Wirtschaft in Berlin: Galeria-Standorte im Fokus
Berlin () – Nach der Ankündigung von Galeria, bundesweit 33 Warenhäuser auf ihre Rentabilität zu prüfen, hat der Deutsche Städtetag eine frühzeitige Einbindung der Kommunen gefordert. „Noch ist über die Zukunft der einzelnen Standorte nicht abschließend entschieden“, sagte Hauptgeschäftsführer Christian Schuchardt den Zeitungen der Funke-Mediengruppe (Freitagausgaben).
Wichtig sei, dass die Städte schnell in die Gespräche zur Zukunft der Filialen eingebunden würden. Das habe sich bereits in früheren Restrukturierungsrunden bewährt, um individuelle Lösungen für Standorte sowie für die Mitarbeiter zu finden, so Schuchardt.
Die angeschlagene Warenhauskette hatte in dieser Woche bekanntgegeben, 33 ihrer noch 83 Filialen auf den Prüfstand stellen zu wollen. An den betroffenen Standorten will das Unternehmen mit den Vermietern über Mietkonditionen und Flächenanpassungen verhandeln. Kommt keine Einigung zustande, könnte die jeweilige Filiale geschlossen werden. Als entscheidende Kriterien nennt Galeria die Mietbelastung und die Ertragskraft der Häuser. Parallel werden nach Unternehmensangaben auch Umzüge in andere Immobilien oder Neueröffnungen geprüft.
Schuchardt verwies darauf, dass jeder Standort vor unterschiedlichen Herausforderungen stehe. Grundsätzlich setze dem Unternehmen jedoch vor allem die zunehmende Konkurrenz durch den Online-Handel zu. Das schmälere Umsatz und Ertragskraft und erschwere Investitionen in einzelne Häuser. Hinzu kämen vielfach hohe Mietforderungen und langfristige Verträge mit den Immobilieneigentümern. „Am besten wäre es natürlich, wenn es eine tragfähige Lösung mit den Vermietern gibt und Standorte eins zu eins erhalten bleiben“, sagte Schuchardt.
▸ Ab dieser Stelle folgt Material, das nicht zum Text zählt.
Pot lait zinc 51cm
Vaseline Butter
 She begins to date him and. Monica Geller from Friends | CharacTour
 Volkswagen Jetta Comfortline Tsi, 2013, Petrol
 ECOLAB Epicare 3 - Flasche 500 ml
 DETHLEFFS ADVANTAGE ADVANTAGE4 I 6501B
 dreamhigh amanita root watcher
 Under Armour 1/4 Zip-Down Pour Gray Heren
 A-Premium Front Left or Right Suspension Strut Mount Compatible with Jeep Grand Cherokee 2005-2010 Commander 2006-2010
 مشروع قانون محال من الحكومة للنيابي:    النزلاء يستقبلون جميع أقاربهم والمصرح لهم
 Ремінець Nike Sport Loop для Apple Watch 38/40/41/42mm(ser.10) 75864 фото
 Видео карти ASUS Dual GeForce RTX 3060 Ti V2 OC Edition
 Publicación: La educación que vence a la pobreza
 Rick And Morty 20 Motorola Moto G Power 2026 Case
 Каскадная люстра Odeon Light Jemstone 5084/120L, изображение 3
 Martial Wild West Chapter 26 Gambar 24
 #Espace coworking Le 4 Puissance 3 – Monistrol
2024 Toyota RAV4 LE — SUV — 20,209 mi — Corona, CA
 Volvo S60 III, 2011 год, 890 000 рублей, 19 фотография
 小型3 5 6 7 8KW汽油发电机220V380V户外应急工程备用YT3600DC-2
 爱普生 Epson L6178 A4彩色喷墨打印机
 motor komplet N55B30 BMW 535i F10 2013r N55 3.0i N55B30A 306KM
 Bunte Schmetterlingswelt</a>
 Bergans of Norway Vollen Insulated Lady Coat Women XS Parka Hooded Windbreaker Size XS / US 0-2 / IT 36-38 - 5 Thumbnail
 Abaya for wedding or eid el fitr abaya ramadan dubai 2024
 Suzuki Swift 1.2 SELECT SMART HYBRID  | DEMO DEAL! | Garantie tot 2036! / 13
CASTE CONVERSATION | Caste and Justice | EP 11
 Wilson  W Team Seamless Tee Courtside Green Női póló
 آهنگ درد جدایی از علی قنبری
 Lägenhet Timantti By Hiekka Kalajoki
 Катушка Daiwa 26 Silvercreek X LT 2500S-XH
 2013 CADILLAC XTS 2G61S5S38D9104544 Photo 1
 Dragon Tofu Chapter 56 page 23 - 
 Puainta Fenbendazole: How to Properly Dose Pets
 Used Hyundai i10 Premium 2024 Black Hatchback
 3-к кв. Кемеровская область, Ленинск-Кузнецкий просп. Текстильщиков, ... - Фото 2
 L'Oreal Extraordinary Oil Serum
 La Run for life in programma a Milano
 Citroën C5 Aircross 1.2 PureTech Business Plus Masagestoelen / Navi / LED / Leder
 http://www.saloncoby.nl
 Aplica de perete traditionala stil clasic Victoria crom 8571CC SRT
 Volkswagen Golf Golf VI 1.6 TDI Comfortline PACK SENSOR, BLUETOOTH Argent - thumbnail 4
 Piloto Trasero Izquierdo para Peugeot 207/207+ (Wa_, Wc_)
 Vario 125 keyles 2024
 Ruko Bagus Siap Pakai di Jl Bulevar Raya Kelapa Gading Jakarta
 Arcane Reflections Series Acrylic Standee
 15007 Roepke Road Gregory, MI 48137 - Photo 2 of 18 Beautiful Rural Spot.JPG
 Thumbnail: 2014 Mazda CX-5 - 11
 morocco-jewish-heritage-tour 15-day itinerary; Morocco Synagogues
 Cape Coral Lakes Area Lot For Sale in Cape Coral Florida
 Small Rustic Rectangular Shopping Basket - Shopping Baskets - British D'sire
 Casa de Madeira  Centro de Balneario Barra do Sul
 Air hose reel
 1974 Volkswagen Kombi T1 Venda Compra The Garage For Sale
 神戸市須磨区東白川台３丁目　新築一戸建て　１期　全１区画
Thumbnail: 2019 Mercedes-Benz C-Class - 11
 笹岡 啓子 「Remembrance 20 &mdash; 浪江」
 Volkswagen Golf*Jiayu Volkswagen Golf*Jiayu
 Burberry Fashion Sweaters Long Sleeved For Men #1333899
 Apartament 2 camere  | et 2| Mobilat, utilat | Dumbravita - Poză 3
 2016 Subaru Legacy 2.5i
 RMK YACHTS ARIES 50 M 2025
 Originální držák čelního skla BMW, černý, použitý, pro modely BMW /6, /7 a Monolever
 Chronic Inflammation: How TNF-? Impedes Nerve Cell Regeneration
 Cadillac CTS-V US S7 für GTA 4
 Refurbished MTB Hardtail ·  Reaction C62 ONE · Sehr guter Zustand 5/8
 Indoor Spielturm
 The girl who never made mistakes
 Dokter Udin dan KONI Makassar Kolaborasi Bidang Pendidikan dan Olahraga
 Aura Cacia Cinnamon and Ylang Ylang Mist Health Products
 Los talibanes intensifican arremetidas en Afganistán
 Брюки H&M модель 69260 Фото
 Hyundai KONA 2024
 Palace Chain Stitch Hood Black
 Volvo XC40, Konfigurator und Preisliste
„Sollten im Fall der Fälle einzelne Filialen nicht erhalten werden können, braucht es zügige und schlüssige Konzepte für die Folgenutzung, damit keine Abwärtsspiralen für betroffene Innenstadtquartiere beginnen“, sagte Schuchardt. Die Transformation der Innenstädte sei aber kein Selbstläufer. Städte, Handel, Immobilienwirtschaft und Stadtgesellschaft seien gefordert, gemeinsam neue Konzepte auf den Weg zu bringen.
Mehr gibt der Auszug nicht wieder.